Your Insurance Payout Will Now Come After A Tax Cut!


For policies taken between April 1, 2003, to March 31, 2012, the condition was that the premium shall not exceed 20 percent of the actual capital sum assured. The clauses were not applicable if the amount received was on account of the death of an insured.

"The actual capital sum assured excludes the value of any premium agreed to be returned, as also benefit by way of bonus or otherwise that is over and above the policy amount," said C.L. Baradhwaj, senior vice president, Bharti Axa Life Insurance told IANS.

While life insurers try to ensure that the premium amount is compliant with the Income Tax Act at the product-design stage itself, there are some set of policyholders who could be affected by the new provisions, Baradhwaj said.

"All single-premium policies would be the immediate casualty, as the premia paid in one instalment would generally exceed 10 percent of the sum assured," he said.

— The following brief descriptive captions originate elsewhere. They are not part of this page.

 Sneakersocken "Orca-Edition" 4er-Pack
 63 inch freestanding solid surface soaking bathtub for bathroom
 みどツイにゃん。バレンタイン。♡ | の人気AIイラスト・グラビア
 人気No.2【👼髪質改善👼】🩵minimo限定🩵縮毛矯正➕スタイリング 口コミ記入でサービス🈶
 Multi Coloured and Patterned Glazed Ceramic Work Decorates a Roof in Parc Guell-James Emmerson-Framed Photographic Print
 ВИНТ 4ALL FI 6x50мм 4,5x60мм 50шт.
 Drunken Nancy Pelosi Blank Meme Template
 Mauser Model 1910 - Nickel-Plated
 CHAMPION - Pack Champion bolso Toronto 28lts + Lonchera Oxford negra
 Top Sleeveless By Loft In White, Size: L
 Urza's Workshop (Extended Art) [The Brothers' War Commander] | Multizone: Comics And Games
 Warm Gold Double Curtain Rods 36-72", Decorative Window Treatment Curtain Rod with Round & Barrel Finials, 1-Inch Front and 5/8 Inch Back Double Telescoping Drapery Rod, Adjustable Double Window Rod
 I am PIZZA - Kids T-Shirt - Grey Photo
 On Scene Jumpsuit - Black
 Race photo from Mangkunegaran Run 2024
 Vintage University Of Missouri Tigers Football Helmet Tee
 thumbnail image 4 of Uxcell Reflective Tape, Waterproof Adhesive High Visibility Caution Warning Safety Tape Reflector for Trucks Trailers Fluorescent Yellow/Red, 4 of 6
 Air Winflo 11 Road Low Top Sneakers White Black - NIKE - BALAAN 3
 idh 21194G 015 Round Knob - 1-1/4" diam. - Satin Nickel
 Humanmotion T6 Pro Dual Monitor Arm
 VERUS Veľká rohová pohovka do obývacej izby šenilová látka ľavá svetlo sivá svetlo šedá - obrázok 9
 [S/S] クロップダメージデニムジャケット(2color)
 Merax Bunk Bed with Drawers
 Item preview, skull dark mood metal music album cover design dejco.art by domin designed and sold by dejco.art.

He said it is possible that people could be paying premia higher than the 10-20 percent limit set by the new provisions on account of their personal health, as also many other reasons. In such cases, too, the TDS liability could arise.

"It is important to note that a person aged, say, 50 years, pays a higher premium for the same sum assured when compared to a person who is 35 years old. Higher the age, higher risk and higher the premium," Baradhwaj added.